CatBoost randomized_search with train/test splits-CodePudding

The CatBoost documentation says the randomized_search method can accept train and test splits via the cv parameter, instead of defining a cross validation approach. To do this, one should provide:

An iterable yielding train and test splits as arrays of indices.

How do we define this object?

As a broken example, say my feature dataset has 10 rows. I want to use the first 5 rows for training, and the last 5 rows for validation/testing.

I extract the index values

train_index = X[0:5].index
test_index = X[5:10].index

I supply the indexes to the randomized_search method

a_search = model.randomized_search(param_distributions=params, 
                                   X = X,
                                   y = y,
                                   n_iter=5,
                                   cv={train_index,test_index})

This set that I provide in cv={train_index,test_index} is a non-starter, as it's not iterable, but I am at a loss as to how such an iterable should look. I simply want to define which rows of X and y should be used for training, and which for testing. The goal is to speed up training by dispensing with cross validation, and using a dedicated validation dataset.

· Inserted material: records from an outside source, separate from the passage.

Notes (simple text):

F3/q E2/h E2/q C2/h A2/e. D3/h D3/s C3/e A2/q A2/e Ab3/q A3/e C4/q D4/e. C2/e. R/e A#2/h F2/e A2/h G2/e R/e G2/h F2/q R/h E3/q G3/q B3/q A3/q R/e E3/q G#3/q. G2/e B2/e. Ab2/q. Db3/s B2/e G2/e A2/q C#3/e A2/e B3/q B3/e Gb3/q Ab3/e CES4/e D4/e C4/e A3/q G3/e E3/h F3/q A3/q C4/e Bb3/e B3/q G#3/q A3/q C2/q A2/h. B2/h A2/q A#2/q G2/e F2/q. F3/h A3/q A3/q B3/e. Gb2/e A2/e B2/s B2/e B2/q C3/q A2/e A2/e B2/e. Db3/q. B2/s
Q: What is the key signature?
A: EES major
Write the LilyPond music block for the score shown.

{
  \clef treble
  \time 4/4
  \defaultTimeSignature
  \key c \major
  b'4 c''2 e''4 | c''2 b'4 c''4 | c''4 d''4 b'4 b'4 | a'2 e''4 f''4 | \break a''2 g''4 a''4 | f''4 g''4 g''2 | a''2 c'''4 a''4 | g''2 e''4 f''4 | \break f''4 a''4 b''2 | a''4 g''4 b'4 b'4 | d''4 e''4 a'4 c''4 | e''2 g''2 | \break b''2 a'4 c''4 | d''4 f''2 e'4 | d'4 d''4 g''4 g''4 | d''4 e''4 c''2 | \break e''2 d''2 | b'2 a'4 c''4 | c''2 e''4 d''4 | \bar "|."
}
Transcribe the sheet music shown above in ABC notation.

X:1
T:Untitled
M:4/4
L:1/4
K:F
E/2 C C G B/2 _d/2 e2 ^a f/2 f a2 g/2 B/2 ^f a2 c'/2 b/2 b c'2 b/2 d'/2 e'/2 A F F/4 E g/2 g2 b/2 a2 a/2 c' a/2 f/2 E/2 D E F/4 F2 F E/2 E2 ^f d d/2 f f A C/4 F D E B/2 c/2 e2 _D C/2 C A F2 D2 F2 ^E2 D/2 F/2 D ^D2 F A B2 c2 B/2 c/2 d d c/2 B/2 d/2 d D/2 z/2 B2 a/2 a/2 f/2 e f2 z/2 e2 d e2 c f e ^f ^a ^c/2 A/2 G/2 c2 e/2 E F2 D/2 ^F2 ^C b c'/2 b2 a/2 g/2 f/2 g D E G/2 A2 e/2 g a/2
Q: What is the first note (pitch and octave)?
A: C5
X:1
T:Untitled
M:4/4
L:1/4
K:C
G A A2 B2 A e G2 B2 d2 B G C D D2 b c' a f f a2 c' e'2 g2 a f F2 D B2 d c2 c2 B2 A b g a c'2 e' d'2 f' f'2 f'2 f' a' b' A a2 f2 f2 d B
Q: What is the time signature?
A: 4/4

CodePudding user response：

You could use a list of tuples:

cv=[(train_index, test_index)]

Example:

import pandas as pd
import numpy as np
from catboost import CatBoost

# generate the data
data = np.random.normal(loc=0, scale=1, size=(10, 3))
labels = np.mean(a=data, axis=1)

df = pd.DataFrame(
    data=np.hstack([data, np.expand_dims(labels, axis=1)]),
    columns=['x1', 'x2', 'x3', 'y']
)

# split the data
train_index = df.index[:5]
test_index = df.index[5:]

# instantiate the model
model = CatBoost()

# tune the model
results = model.randomized_search(
    param_distributions={
        'depth': [2, 3, 4],
        'iterations': [5, 6, 7]
    },
    X=df[['x1', 'x2', 'x3']],
    y=df['y'],
    cv=[(train_index, test_index)],
)